Они были очень предупредительны друг к другу весь вечер. Ближе к ночи Ганя вдруг спохватился, что ему непременно надо быть у себя сегодня. Он уехал, уговорившись о завтрашнем дне.
Знакомство состоялось в институтской столовой. Ганя подсел с Риммой за стол к Андрею. "Привет". - "Привет". - "Знакомься, это Римма, моя приятельница". Все очень просто. Андрей сказал едва слышно, опустив глаза, что очень рад. Затем вдруг поднял глаза и посмотрел на Римму внимательно. Ганя впервые понял, что глаза у Андрея печальные, и впервые увидел Римму смущенной. И почувствовал себя лишним.
8. Коммунизм
Читаная-перечитаная, с подклеенным корешком, в самодельной бумажной обложке с каллиграфическим названием черной тушью. Кто-то нарисовал на обложке космический корабль, звезды, космонавта в скафандре. Кто-то фломастером начертал - бластер.
Мальчик был поглощен чтением. Он не видел освещенную фонариком страницу, он видел ночной космодром, идущих по нему людей, молча, по широким каменным плитам. Вооруженных людей, вооруженных этими самыми бластерами. Спокойных, умных, сильных, справедливых. Они не знали, что вражеский прицел наведен на самого лучшего из них. Они не знали, а мальчик знал. Он читал, стиснув зубы. Если лучшего убьют, он расплачется.
Дед не спал, лежал в темноте, как в могиле. Как из-под земли слушал звуки жизни. На дворе была весна. Снег таял. Река еще стояла подо льдом, но уже страшно было на него ступить. Только птицы да звери ходили по ледяной реке. Шоссе очнулось после зимы, то и дело ревели по нему мотоциклы, мальчишки гоняли на мопедах, летели легковушки. Как бомбы, неслись с воем тяжелые грузовики. Даже ночью.
Деду хотелось встать, покурить, почувствовать себя живым, но он боялся разбудить внука.
Мальчик перешел уже в седьмой класс, учился хорошо, собирался поступать в вуз. Смышленый мальчик, хороший.
Уедет.
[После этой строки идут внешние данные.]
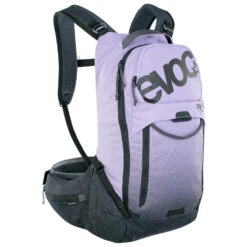 Evoc Trail Pro 16 - Bike-Rucksack -Camping im Freien evoc trail pro 16 bike rucksack 1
Будет приезжать на каникулы. Если куда-нибудь на Марс не залетит, мечтатель.
Книжка, которую с таким упоением читал мальчик на печке в подмосковной деревне, принесла Гане нешуточную известность, гонорары, но только не довольство собой.
Больше всего Ганя любил свою первую книжку. Он сочинил ее в ту зиму, когда распрощался навсегда с Риммой. Речь там шла о коммунизме.
Действие начиналось в шестидесятые. Осваивали дальний космос. Ракета должна была вернуться через пару сотен лет. Для космонавтов это время прошло бы значительно быстрее. Они надеялись вернуться на Землю еще молодыми людьми. Надеялись увидеть будущее.
Их отбирали с особым тщанием, как женихов для капризных принцесс. Они были лучшие из лучших. Они умели разобраться в любой ситуации, при любых условиях могли выжить. Они владели искусством боя с оружием и с голыми руками против любого оружия, в одиночку и отрядом. Они могли найти общий язык с волком, с охранником, с беременной женщиной, с психопатом, со школьником. С кем угодно. Кроме того, они были ученые, специалисты самого широкого профиля. Биология, физика, химия, математика, лингвистика, психология... В любой из этих наук (и еще в десятке других) они разбирались досконально.
Ганя описал их перелет, с удовольствиям придумывая конструкции механизмов, приборов, роботов, скафандров, искусственного интеллекта, отвечающего за организм всего корабля. Именно организм. Ганя представил машину для дальних перелетов (вместе с космонавтами!) как биологическую модель и очень собой гордился.
Он описал их приключения, чувствуя себя новым Стивенсоном. Как новый Колумб, он составил в черновиках подробное описание открытой ими планеты. И как новый Уэллс, он придумал и раскрыл ее тайны.
На этом первая часть книги заканчивалась и начиналась вторая, главная.
Никто не заметил их возвращения. При посадке они включили режим "невидимка". Они ведь не знали, что произошло на Земле за две сотни лет их отсутствия. Для безопасности они решили отнестись к ней как к чужой планете.
По всем правилам разведки они провели скрытые наблюдения. Затем, почти успокоенные, осторожно вошли в контакт. Наконец - открылись.